European agency aims to develop spacecraft to take astronauts to Moon
The European Space Agency is drawing up proposals to develop spacecraft over the next decade that could fly ESA astronauts into orbit and to the Moon, according to its director-general Josef Aschbacher.
Speaking to the Financial Times ahead of the FT Investing in Space summit in London, Aschbacher said developing an independent human launch capability was crucial for Europe to catch up in a rapidly evolving global race to space.
“What is happening in the US, China and India is quite impressive,” he said. “If you step back and see where Europe stands globally, you see that Europe has not engaged at the same level. I see so many opportunities, some of them lost opportunities.”
A recent independent report commissioned by ESA on human and robotic exploration of space found that more than 100 lunar missions before 2030 had been announced, by both national space agencies and private companies. “At present, Europe is only leading two of them,” it stated.
The report noted that Europe had no independent human launch capacity and relied on non-European partners to send people into space, “which is threatening its future as a credible actor in space”.
At present, ESA is working as a junior partner with the US space agency Nasa on lunar exploration projects. “There is no timetable agreed [with Nasa] on when a European astronaut will be on the moon,” said Aschbacher, “but my hope is that we can achieve this before the end of the decade.”
ESA’s programme to develop a spacecraft capable of carrying European astronauts to low-earth orbit and beyond could improve the way in which Europe manages space procurement, Aschbacher said.
Nasa’s decision in the early 2000s to buy cargo transportation services from the private sector, rather than developing its own vehicles, was the driver behind the rise of Elon Musk’s SpaceX, which is now the dominant launch provider. “That is exactly the model we are discussing,” he said.
ESA was preparing “different scenarios and different cost estimates” to present to a meeting of member-state ministers in November. A decision whether to go ahead with a fully funded programme will be made next year.
The agency, which is independent of the EU but acts as its procurement agency, includes non-EU member states such as the UK and Switzerland. “We certainly will have enough elements on the table for politicians to give us clear guidance on how Europe wants to proceed,” Aschbacher said.

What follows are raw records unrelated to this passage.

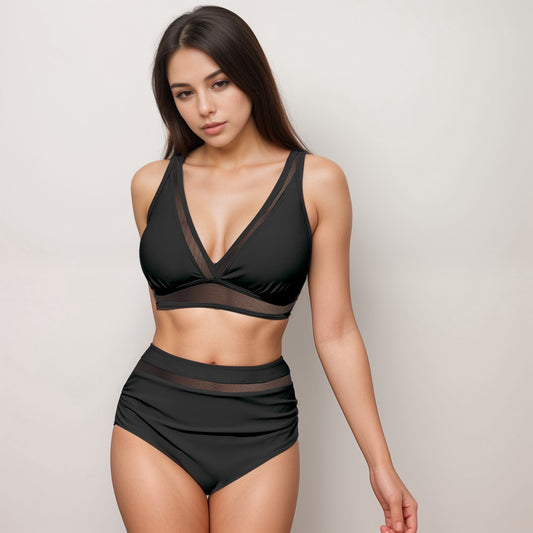 Swim Women's Two Piece Swimsuit with Mesh Trim Deep V Neck Bikini Top and High Waisted Ruched Bottoms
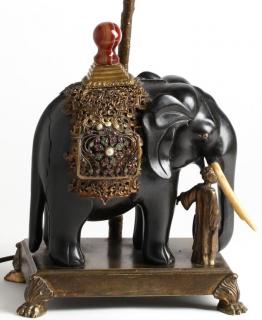 Appraisal: Rare Nicholas Haydon Orientalist Elephant Lamp Circa the large carved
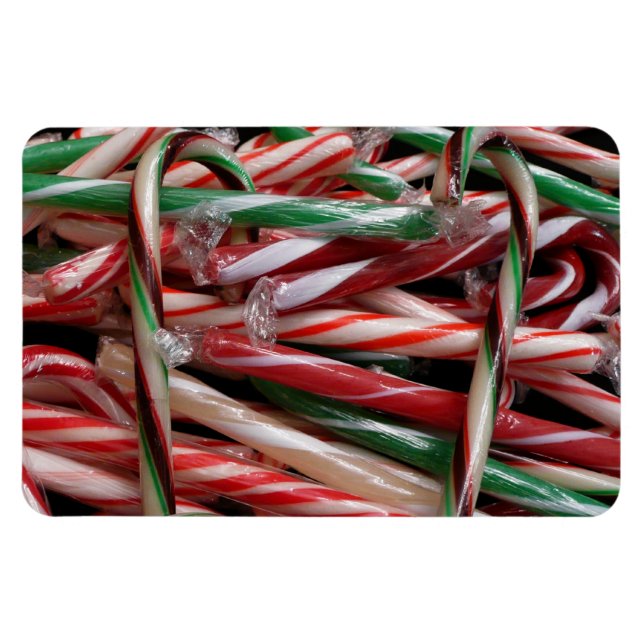 Chocolate Mint Candy Canes Holiday Festive Magnet (Horizontal)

However, Europe is still struggling to resolve a crisis over existing satellite launch capability after losing access to Soyuz rockets following Russia’s full-scale invasion of Ukraine. Its Ariane 5 rocket, which in April launched Europe’s €1.6bn Juice spacecraft on a mission to Jupiter’s icy moons, is due to make its last flight this month, while the successor Ariane 6 has been subject to years of delay. The new Vega C rocket is grounded pending an investigation into a failed mission last year.
But Aschbacher said Europe already had many of the building blocks required to develop its own human launch capability within the next decade.
These included the European service module, which provides electricity, water and oxygen to Nasa’s Orion spacecraft that will send astronauts to the moon. Europe also has the automated transport vehicle that hauls cargo to the International Space Station in low-earth orbit every year.
While Ariane 6 could eventually be upgraded to have a human launch capability, this was not a given. “Other vehicles could be developed” in the same way that Nasa’s strategy had encouraged the emergence of SpaceX, he said.
In November, ESA unveiled 17 new members of its astronaut corps — including the world’s first disabled para-astronaut — at a ministerial summit in Paris, which agreed to raise spending by 17 per cent to €16.9bn over the next five years.